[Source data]
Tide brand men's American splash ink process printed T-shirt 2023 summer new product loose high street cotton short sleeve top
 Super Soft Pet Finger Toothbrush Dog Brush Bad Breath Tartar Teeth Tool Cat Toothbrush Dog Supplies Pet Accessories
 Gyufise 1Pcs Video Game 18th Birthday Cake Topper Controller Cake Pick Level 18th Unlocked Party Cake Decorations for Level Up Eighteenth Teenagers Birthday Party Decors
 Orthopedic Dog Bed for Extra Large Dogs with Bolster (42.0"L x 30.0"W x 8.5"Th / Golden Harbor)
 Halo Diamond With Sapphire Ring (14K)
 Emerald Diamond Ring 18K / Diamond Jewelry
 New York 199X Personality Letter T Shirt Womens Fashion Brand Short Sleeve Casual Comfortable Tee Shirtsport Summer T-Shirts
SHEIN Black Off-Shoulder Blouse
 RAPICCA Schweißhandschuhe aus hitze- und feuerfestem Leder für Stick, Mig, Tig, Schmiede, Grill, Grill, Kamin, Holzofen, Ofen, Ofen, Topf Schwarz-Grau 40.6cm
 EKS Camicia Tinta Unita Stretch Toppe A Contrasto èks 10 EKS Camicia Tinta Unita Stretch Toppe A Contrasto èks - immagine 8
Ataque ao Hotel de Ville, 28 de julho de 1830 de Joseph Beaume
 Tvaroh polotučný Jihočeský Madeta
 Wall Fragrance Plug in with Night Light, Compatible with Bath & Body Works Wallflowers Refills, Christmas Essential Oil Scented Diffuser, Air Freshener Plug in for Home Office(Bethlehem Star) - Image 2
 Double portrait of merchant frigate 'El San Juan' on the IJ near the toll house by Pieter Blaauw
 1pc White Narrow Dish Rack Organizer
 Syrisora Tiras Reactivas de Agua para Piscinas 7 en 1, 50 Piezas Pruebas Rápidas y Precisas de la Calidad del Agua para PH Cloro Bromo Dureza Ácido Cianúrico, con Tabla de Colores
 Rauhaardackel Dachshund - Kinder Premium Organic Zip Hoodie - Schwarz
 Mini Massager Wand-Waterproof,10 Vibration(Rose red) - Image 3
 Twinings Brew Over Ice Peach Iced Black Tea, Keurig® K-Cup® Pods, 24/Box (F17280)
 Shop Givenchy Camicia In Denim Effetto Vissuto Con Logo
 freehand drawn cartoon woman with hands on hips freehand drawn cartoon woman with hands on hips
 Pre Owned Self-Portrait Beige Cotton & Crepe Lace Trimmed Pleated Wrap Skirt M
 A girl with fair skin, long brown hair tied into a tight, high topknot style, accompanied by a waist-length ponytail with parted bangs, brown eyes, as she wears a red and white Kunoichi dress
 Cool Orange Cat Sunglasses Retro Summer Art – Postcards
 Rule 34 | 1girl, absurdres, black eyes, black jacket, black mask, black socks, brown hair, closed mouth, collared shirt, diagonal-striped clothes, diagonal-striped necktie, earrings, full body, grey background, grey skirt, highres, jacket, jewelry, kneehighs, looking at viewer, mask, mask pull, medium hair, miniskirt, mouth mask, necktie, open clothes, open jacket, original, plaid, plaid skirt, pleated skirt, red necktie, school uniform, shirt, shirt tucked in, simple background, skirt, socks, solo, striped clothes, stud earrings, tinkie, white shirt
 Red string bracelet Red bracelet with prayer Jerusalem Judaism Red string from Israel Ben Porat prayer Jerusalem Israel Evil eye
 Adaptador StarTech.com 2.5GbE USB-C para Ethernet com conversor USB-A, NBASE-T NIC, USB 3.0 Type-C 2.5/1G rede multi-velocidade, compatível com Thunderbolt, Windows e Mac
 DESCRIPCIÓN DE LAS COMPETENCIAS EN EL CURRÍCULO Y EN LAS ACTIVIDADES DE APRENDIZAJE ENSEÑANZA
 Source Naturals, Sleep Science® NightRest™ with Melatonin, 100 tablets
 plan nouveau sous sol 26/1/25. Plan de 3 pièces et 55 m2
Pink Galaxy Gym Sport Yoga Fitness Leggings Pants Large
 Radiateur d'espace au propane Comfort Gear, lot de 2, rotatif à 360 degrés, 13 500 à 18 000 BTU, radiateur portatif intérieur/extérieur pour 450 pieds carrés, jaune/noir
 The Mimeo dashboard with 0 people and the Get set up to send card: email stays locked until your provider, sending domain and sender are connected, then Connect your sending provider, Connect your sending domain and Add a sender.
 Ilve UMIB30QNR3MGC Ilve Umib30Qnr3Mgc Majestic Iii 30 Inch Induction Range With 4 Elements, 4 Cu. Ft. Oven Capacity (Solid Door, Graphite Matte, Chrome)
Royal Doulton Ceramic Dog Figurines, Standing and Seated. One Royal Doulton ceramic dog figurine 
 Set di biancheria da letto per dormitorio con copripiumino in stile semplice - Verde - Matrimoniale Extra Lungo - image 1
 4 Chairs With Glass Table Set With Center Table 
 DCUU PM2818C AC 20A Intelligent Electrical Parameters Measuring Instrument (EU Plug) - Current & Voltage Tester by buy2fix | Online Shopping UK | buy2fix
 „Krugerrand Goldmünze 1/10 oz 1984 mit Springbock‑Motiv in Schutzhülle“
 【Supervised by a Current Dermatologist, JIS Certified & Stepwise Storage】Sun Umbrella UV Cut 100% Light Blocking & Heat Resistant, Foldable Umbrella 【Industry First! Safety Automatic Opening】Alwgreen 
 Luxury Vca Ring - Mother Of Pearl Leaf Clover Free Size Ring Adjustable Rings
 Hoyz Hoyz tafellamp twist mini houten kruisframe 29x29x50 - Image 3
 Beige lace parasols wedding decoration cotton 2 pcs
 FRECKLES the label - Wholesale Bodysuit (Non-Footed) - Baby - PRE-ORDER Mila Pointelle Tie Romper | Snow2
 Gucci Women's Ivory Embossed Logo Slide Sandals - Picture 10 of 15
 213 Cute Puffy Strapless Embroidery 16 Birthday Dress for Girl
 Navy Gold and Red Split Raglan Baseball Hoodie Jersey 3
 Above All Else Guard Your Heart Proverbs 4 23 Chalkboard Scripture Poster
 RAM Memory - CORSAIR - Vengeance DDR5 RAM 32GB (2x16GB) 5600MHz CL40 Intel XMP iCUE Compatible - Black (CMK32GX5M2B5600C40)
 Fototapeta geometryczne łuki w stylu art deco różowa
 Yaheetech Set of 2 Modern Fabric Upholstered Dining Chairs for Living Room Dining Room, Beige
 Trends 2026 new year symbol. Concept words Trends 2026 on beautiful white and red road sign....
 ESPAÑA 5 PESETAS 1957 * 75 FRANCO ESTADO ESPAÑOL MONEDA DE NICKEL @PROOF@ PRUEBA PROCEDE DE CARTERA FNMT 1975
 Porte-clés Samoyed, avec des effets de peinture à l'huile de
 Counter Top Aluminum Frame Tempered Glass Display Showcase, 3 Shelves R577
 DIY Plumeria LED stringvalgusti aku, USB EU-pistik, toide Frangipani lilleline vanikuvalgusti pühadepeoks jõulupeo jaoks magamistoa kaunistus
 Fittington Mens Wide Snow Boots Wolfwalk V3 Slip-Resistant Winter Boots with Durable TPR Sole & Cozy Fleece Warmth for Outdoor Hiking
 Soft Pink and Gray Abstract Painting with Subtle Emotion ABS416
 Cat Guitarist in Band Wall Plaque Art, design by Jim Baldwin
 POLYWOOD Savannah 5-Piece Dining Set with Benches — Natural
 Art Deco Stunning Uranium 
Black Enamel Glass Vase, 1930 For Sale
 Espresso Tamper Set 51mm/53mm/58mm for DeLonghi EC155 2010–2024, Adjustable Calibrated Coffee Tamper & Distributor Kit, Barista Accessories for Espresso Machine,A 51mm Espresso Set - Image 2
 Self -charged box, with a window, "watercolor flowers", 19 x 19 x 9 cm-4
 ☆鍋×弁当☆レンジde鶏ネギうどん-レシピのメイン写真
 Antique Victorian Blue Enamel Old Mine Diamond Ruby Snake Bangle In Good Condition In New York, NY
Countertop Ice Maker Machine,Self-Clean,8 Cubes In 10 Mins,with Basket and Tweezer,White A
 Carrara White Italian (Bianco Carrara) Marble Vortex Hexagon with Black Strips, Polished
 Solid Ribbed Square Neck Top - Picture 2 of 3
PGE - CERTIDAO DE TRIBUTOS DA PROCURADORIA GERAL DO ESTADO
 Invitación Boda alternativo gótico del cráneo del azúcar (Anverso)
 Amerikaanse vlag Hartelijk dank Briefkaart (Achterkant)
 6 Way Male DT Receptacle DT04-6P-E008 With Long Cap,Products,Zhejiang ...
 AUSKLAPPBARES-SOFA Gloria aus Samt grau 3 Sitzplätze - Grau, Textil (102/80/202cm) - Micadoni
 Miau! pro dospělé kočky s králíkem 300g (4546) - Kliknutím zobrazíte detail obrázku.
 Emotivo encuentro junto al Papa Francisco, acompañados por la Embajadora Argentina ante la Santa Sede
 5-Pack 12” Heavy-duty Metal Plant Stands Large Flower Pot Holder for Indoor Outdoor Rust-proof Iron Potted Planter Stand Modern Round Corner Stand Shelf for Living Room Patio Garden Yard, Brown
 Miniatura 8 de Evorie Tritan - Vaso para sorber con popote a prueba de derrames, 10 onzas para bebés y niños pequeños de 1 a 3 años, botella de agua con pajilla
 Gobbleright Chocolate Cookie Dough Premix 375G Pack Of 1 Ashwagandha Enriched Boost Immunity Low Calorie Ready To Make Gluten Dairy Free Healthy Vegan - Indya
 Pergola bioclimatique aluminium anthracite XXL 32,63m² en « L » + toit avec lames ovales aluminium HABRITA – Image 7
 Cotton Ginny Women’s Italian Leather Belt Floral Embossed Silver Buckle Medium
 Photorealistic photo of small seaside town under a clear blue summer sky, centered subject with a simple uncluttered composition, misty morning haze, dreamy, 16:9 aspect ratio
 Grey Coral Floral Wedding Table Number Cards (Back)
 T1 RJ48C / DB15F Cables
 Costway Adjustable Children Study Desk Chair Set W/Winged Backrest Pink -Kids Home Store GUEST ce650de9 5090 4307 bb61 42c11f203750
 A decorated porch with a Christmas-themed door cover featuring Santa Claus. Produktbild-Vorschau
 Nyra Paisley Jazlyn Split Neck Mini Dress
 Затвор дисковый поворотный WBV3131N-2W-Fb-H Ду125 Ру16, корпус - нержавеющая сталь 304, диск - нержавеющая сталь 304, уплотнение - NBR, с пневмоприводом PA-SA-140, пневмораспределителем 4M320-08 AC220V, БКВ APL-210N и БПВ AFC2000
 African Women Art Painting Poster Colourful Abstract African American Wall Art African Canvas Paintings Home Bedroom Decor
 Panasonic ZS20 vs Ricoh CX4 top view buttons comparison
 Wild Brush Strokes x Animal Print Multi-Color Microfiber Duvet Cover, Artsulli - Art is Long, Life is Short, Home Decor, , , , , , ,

» ASSIGNED TASK: An exact, complete copy of the lines above from the one with "DESCRIPCIÓN DE LAS" through the one with "Goldmünze 1/10 oz" is the whole answer.

» RESULT OF THIS TASK:
 DESCRIPCIÓN DE LAS COMPETENCIAS EN EL CURRÍCULO Y EN LAS ACTIVIDADES DE APRENDIZAJE ENSEÑANZA
 Source Naturals, Sleep Science® NightRest™ with Melatonin, 100 tablets
 plan nouveau sous sol 26/1/25. Plan de 3 pièces et 55 m2
Pink Galaxy Gym Sport Yoga Fitness Leggings Pants Large
 Radiateur d'espace au propane Comfort Gear, lot de 2, rotatif à 360 degrés, 13 500 à 18 000 BTU, radiateur portatif intérieur/extérieur pour 450 pieds carrés, jaune/noir
 The Mimeo dashboard with 0 people and the Get set up to send card: email stays locked until your provider, sending domain and sender are connected, then Connect your sending provider, Connect your sending domain and Add a sender.
 Ilve UMIB30QNR3MGC Ilve Umib30Qnr3Mgc Majestic Iii 30 Inch Induction Range With 4 Elements, 4 Cu. Ft. Oven Capacity (Solid Door, Graphite Matte, Chrome)
Royal Doulton Ceramic Dog Figurines, Standing and Seated. One Royal Doulton ceramic dog figurine 
 Set di biancheria da letto per dormitorio con copripiumino in stile semplice - Verde - Matrimoniale Extra Lungo - image 1
 4 Chairs With Glass Table Set With Center Table 
 DCUU PM2818C AC 20A Intelligent Electrical Parameters Measuring Instrument (EU Plug) - Current & Voltage Tester by buy2fix | Online Shopping UK | buy2fix
 „Krugerrand Goldmünze 1/10 oz 1984 mit Springbock‑Motiv in Schutzhülle“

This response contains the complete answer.